Conforme Bruna, a ação iniciou de uma forma singela através de familiares e amigos. “O legal é que o povo se mobilizou bastante e, de uma hora para outra, a gente começou com bastante arrecadação”, comentou. No último sábado, uma carga com vários medicamentos já foi enviada ao estado vizinho. “A gente recebeu muitas medicações que são utilizadas para diabetes, para colesterol, recebemos também antidepressivos, então diversos tipos de medicamentos”, ressaltou Gabriela. O assunto foi abordado em entrevista no programa Comando Marconi. Entenda mais:

 

Segundo Gabriela, as pessoas doaram remédios lacrados, pouco usados e até fizeram compras na farmácia para ajudar na campanha. Conforme a farmacêutica, 141 unidades básicas de saúde foram afetadas no Rio Grande do Sul, além de que 20 hospitais foram atingidos. Isso significa que a população perdeu muitos de seus medicamentos. “Além dos medicamentos que a população já fazia uso, que acabaram perdendo, a gente tem que pensar também no depois, que seriam as doenças que vão vir com toda essa água, como, por exemplo, a leptospirose”, frisa a especialista.

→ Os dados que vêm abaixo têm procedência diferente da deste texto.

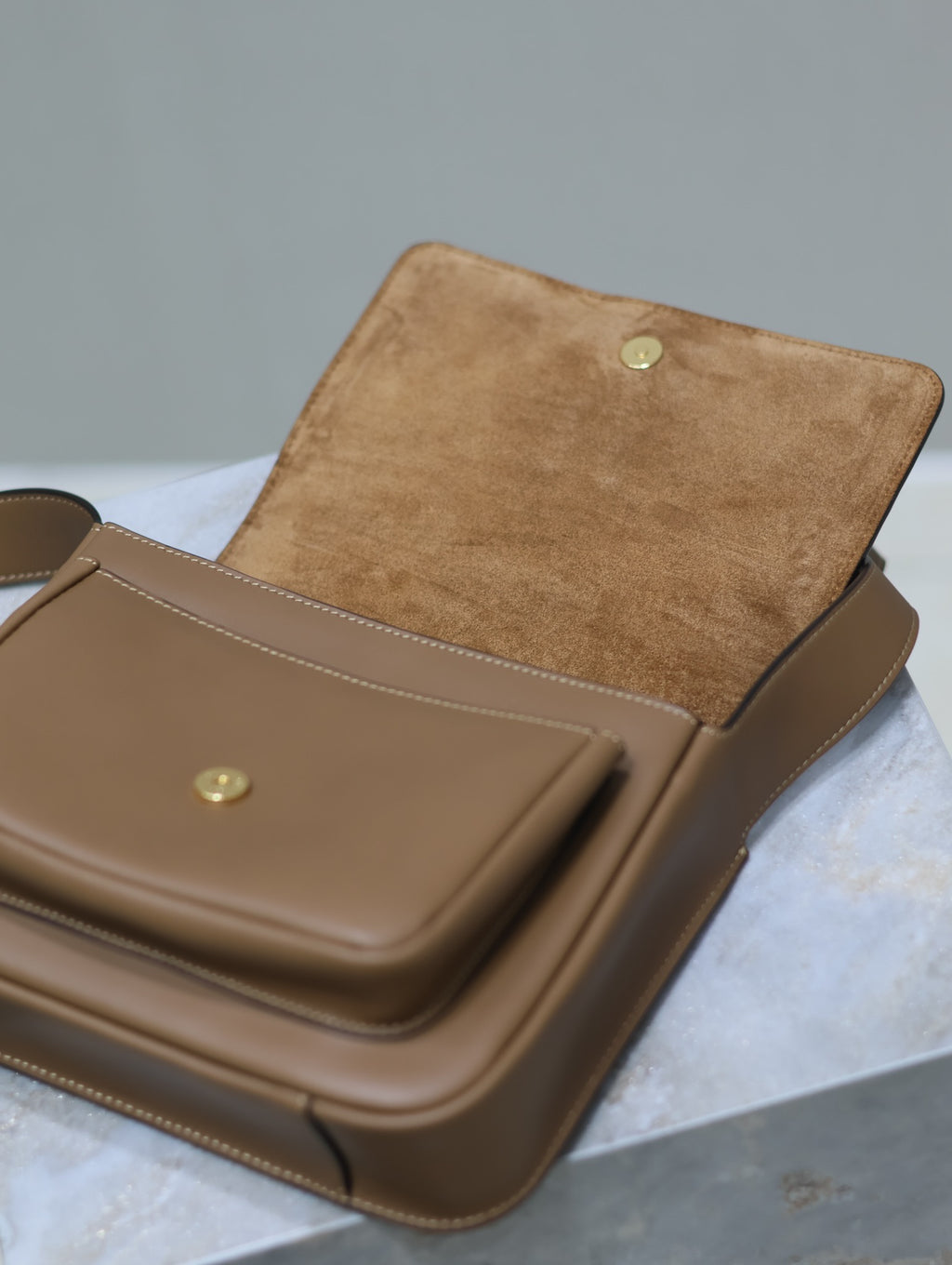 Tan leather flap bag with gold snaps and suede-like interior panel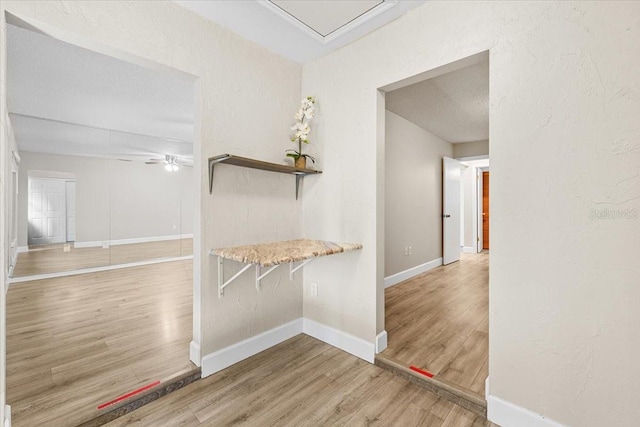 7633 Piping Rock Ct Unit 7633, New Port Richey, FL 34654 - corridor with wood finished floors and baseboards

Bruna explica que a ação aceita diversos tipos de medicamentos, sejam lacrados ou abertos. “A gente faz toda a seleção aqui, tira aquele comprimido, aquela parte do blister ali que está faltando, aquele comprimido, a gente etiqueta com lote, com validade e vai tudo bem separadinho para eles”, esclarece. A campanha não aceita somente medicamentos líquidos e pomadas, já que, conforme Bruna, não se sabe as condições que ele foi armazenado.

A farmacêutica Bruna ainda destaca que existem alguns pontos principais para a doação dos medicamentos. “Desde que todos os medicamentos estejam dentro da validade, pelo menos no mínimo três meses, porque precisa esse medicamento chegar lá e ele ser útil também”, comenta. “Por isso que a gente manda tudo bem separado, bem legível para facilitar o máximo a utilização desse medicamento quando ele chega lá no final”, explica. Bruna ainda reforça que os medicamentos serão entregues a uma doutora de Araranguá, que está no Rio Grande do Sul e é responsável pelo recebimento das doações.